------ Source information

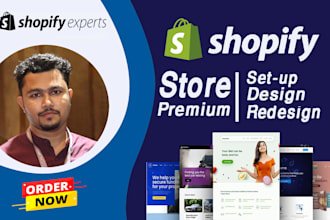 set up and design a branded dropshipping shopify store
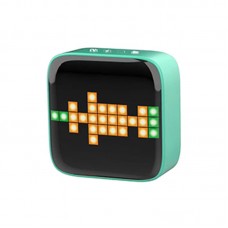 5W BT5.0 True Wireless Stereo Bluetooth Speaker Mini Speaker Rechargeable LED Speaker (Green)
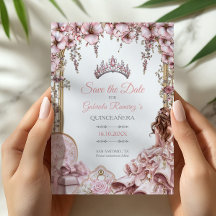 Blush Roze Zilveren Tiara Bloemachtige Quinceañera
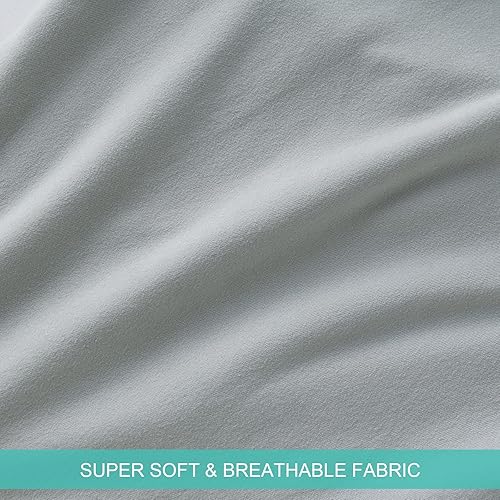 Pregnancy Pillow Cover U-Shaped, Super Soft Replacement Cover Fits Most 55/57 Inch Maternity Pillow, Full Body Pregnancy Pillow Case, Universal Fit, Grey Hearts Print - Jamouz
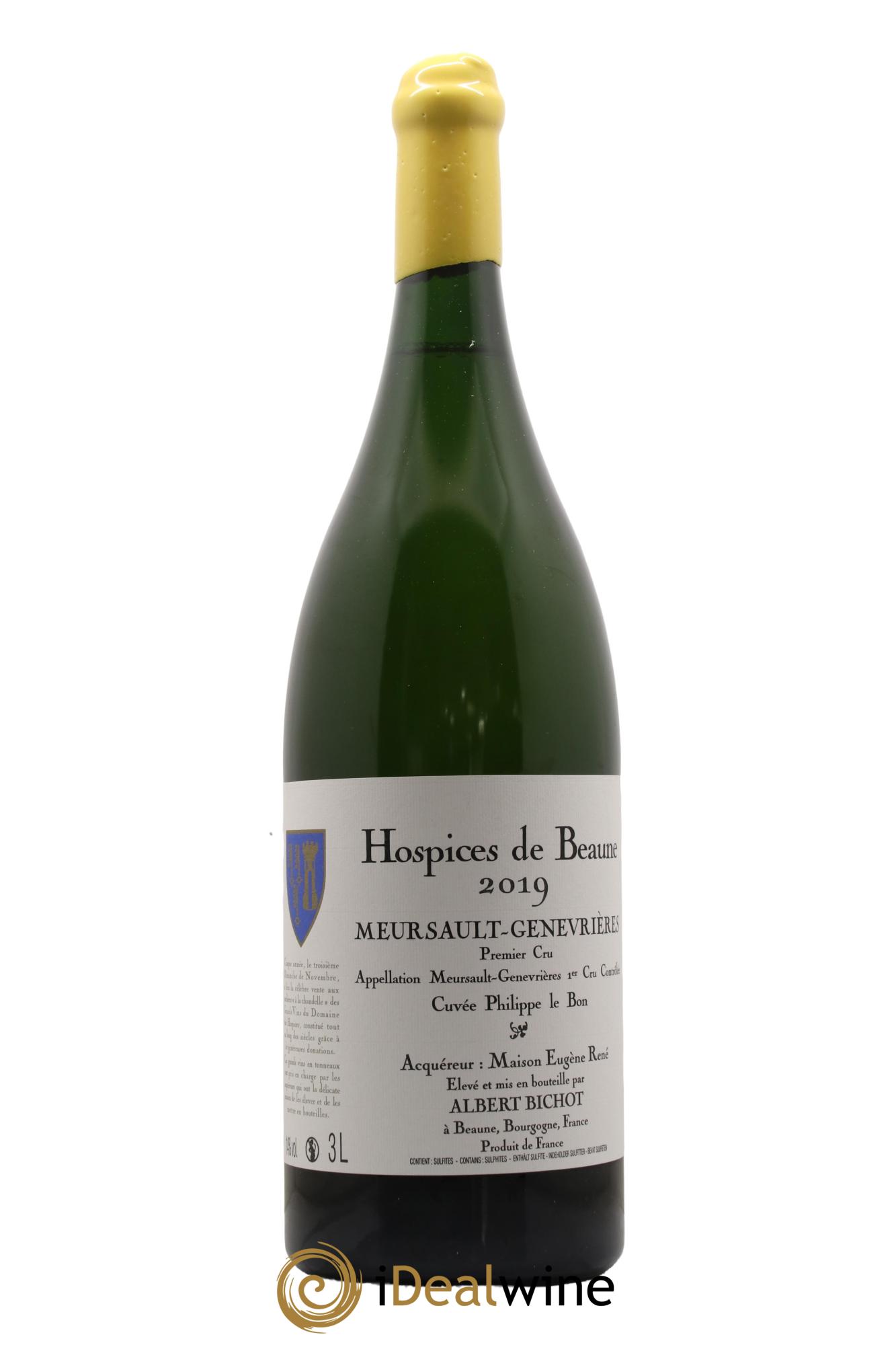 Meursault 1er Cru Genevrieres Cuvee Philippe le Bon Hospices de Beaune Albert Bichot 2019 - Lot de 1 double magnum - 0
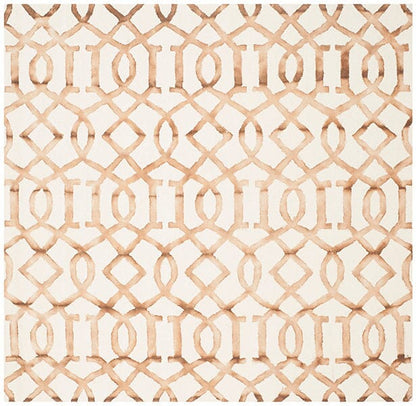 Safavieh Dip Dye Ddy712E Ivory / Camel Geometric Area Rug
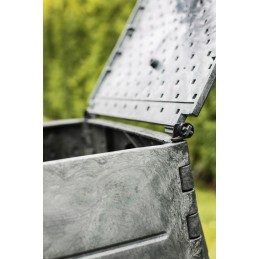 Termokomposteris 450l eco 100, ištisus metus, atsparus šalčiui, uždaras, žalias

------------

Work task
Give again the stretch of lines above from the one with "Blush Roze Zilveren" through the one with "Safavieh Dip Dye", both ends kept, and copy no pictures.

Answer box
 Blush Roze Zilveren Tiara Bloemachtige Quinceañera
 Pregnancy Pillow Cover U-Shaped, Super Soft Replacement Cover Fits Most 55/57 Inch Maternity Pillow, Full Body Pregnancy Pillow Case, Universal Fit, Grey Hearts Print - Jamouz
 Meursault 1er Cru Genevrieres Cuvee Philippe le Bon Hospices de Beaune Albert Bichot 2019 - Lot de 1 double magnum - 0
 Safavieh Dip Dye Ddy712E Ivory / Camel Geometric Area Rug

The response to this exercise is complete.